WHAT IS BEING ASKED: From the entries below, copy out every line with "easy" in it.

EXTRACTED INFORMATION:
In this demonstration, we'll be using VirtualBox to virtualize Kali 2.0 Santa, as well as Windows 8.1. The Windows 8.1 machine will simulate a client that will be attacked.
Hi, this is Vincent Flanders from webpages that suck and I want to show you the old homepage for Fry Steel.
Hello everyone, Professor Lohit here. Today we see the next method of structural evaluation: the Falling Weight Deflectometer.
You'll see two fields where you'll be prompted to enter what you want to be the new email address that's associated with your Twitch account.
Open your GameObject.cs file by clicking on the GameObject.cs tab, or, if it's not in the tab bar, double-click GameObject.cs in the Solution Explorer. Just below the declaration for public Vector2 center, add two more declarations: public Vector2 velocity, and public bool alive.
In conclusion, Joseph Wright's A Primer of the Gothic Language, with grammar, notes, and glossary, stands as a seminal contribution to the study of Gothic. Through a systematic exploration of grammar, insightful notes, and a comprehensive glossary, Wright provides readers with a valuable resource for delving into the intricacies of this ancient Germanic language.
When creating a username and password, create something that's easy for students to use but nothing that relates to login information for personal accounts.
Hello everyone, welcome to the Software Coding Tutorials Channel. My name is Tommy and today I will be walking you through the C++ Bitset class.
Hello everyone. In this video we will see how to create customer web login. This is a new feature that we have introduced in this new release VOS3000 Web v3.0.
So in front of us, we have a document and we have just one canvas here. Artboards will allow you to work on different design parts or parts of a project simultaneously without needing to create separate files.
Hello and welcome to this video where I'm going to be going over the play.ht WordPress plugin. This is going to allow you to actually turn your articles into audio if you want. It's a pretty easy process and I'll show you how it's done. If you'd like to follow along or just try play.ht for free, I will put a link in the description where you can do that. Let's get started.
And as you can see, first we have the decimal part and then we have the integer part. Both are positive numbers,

--

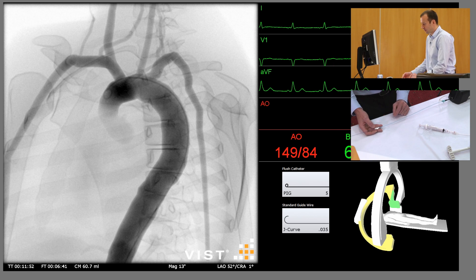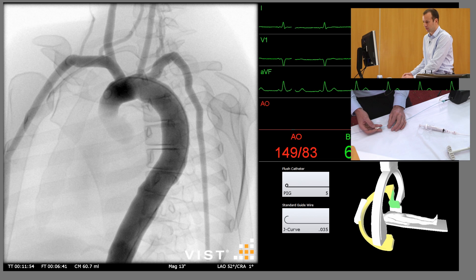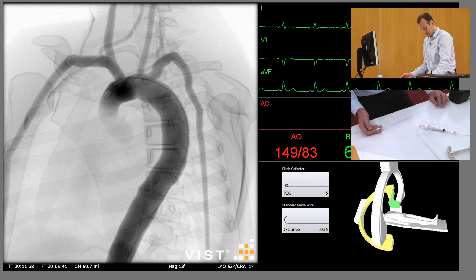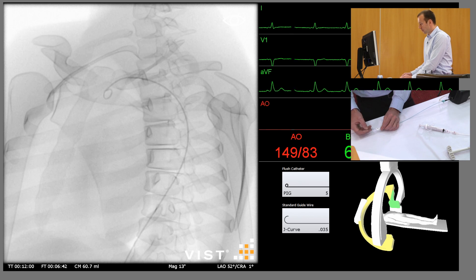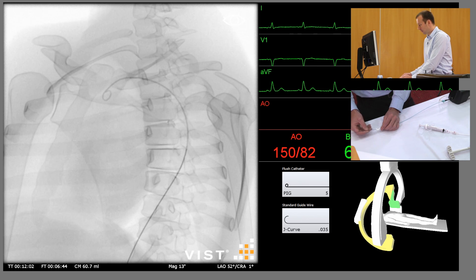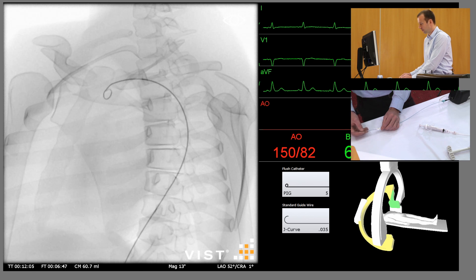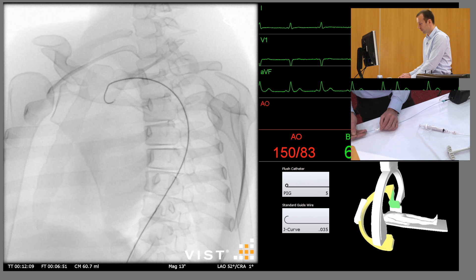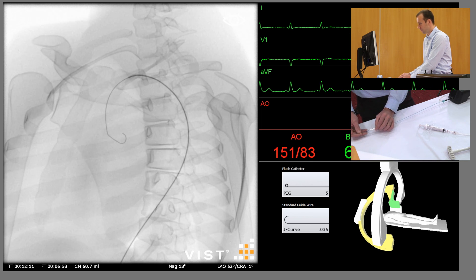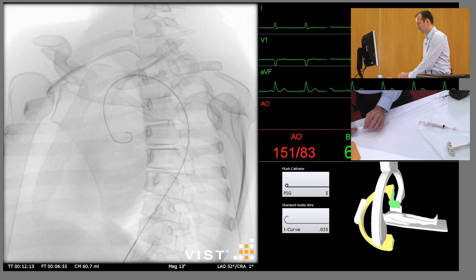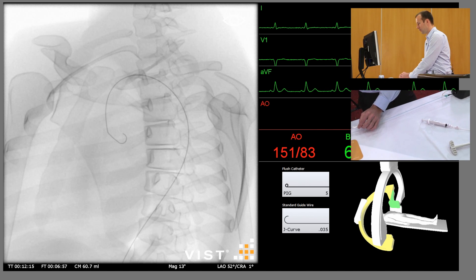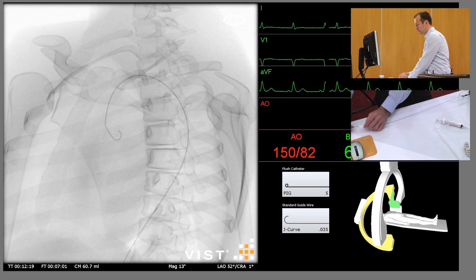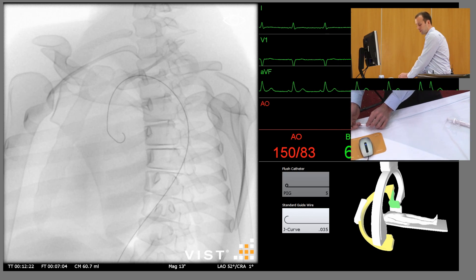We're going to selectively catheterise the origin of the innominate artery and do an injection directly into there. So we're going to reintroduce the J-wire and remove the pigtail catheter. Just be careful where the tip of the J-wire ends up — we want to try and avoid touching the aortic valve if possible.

RESPONSE:
When creating a username and password, create something that's easy for students to use but nothing that relates to login information for personal accounts.
Hello and welcome to this video where I'm going to be going over the play.ht WordPress plugin. This is going to allow you to actually turn your articles into audio if you want. It's a pretty easy process and I'll show you how it's done. If you'd like to follow along or just try play.ht for free, I will put a link in the description where you can do that. Let's get started.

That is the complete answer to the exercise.